Les souris recevront une administration d’un inducteur de fibrose par aspiration oropharyngée. Cette intervention sous anesthésie générale dure 30 secondes maximum.
Quels sont les effets/effets indésirables prévus sur les animaux et la durée de ces effets?
Le modèle expérimental décrit dans ce projet est couramment utilisé en recherche dans le domaine de la fibrose pulmonaire. Entre 2 et 7 jours après l’induction du modèle, les souris peuvent perdre du poids. Lors des réveils de l’anesthésie, les animaux connaissent quelques minutes de désorientation, rapidement résolues par la reconnaissance de leur environnement.
Justifier le sort prévu des animaux à l’issue de la procédure.
Les animaux sont mis à mort à l’issue de la procédure afin de mesurer et quantifier la fibrose pulmonaire par des méthodes ex vivo classiques (histologie, dosage de protéines) et analyses des populations immunitaires par cytométrie en flux
Application de la règle des "3R"
1. Remplacement
Les poumons sont des organes très complexes, composés de plus de 40 types de cellules différentes. La fibrose pulmonaire est une maladie qui fait intervenir plusieurs mécanismes dans les poumons, comme l’inflammation et la transformation des tissus. Ainsi, pour bien comprendre cette maladie, il est nécessaire d’étudier l’organe entier, car aucun test en laboratoire sur des cellules seules ne peut remplacer l’étude chez un animal.
2. Réduction
Pour limiter le nombre d’animaux utilisés, cette étude est d’abord une étude pilote, c’est-à-dire une petite étude exploratoire. Elle permettra de vérifier si la protéine qui nous intéresse a un effet sur l’évolution de la fibrose et sur l’équilibre entre les cellules. En menant d’abord cette étude préliminaire, nous pourrons décider s’il est utile de faire une étude plus grande, ce qui évite d’utiliser un grand nombre d’animaux sans raison scientifique. De plus, notre équipe possède déjà beaucoup de données obtenues sur des cellules in vitro en laboratoire. En combinant ces informations avec l’étude pilote, nous utilisons le minimum d’animaux nécessaire tout en obtenant des résultats fiables.
3. Raffinement
Les souris seront hébergées dans un environnement confortable, avec lumière, température et bruit contrôlés, dans des cages adaptées pouvant accueillir jusqu’à 10 animaux. Elles disposeront d’éléments pour jouer et se cacher, comme des tunnels en plastique et des papiers, afin de réduire le stress et l’ennui. Elles auront aussi de la nourriture spéciale à volonté, comme des aliments gélifiés ou des morceaux de pommes, pour éviter la perte de poids. Le suivi sera quotidien, assuré par du personnel qualifié, afin de détecter rapidement tout signe de malaise. Une attention particulière sera portée pour s’assurer qu’elles reprennent une activité normale après l’anesthésie.
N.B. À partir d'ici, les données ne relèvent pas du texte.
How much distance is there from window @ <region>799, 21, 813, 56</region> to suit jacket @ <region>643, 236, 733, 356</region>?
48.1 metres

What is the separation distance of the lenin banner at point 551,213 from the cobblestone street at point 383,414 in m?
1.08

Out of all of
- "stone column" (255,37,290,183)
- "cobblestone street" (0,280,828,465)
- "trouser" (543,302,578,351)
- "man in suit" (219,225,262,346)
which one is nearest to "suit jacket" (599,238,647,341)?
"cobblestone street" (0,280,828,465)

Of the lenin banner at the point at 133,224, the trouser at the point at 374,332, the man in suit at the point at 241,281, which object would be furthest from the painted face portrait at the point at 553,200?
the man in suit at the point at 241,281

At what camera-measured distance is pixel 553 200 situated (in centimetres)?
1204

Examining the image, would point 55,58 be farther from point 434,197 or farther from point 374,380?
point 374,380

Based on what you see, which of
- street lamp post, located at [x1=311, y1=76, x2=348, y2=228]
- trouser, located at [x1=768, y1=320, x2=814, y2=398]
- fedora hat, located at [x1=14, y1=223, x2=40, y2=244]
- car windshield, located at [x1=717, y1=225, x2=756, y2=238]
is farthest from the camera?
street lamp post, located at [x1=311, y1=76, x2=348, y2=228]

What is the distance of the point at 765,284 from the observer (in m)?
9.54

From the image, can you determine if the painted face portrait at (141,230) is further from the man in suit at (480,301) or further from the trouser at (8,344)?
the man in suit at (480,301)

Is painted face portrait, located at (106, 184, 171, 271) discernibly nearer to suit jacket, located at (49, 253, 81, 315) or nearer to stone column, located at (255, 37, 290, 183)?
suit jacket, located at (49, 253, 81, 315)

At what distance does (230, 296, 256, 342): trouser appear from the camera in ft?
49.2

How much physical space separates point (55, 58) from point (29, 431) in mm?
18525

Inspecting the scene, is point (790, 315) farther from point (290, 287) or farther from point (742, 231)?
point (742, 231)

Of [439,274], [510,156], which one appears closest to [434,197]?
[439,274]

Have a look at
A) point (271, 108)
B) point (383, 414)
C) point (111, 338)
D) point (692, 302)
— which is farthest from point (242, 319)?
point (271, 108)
Expliquer le choix des espèces et les stades de développement y afférents.
Nous allons utiliser des souris pour cette étude car elles sont le meilleur modèle connu pour étudier la fibrose pulmonaire. Beaucoup de recherches ont déjà utilisé des souris pour cette maladie, ce qui permet de comparer facilement nos résultats avec ceux d’autres équipes dans le monde. Les souris ont aussi l’avantage d’être les seules espèces où il est possible de créer des animaux transgéniques. Les souris permettent également de réaliser plusieurs types d’injections et de prélèvements, un peu comme ce qui se fait chez l’homme en recherche clinique. Pour cette étude, nous utiliserons des souris âgées de 8 à 14 semaines et pesant au moins 21 grammes. À cet âge, elles sont considérées comme adultes, avec des poumons et un système immunitaire bien développés. D’après notre expérience, la fibrose, est plus toxique chez les souris petites. Pour limiter ce risque, nous choisissons des souris suffisamment grandes et robustes : des mâles pesant plus de 21 grammes, afin de réduire les signes de malaise.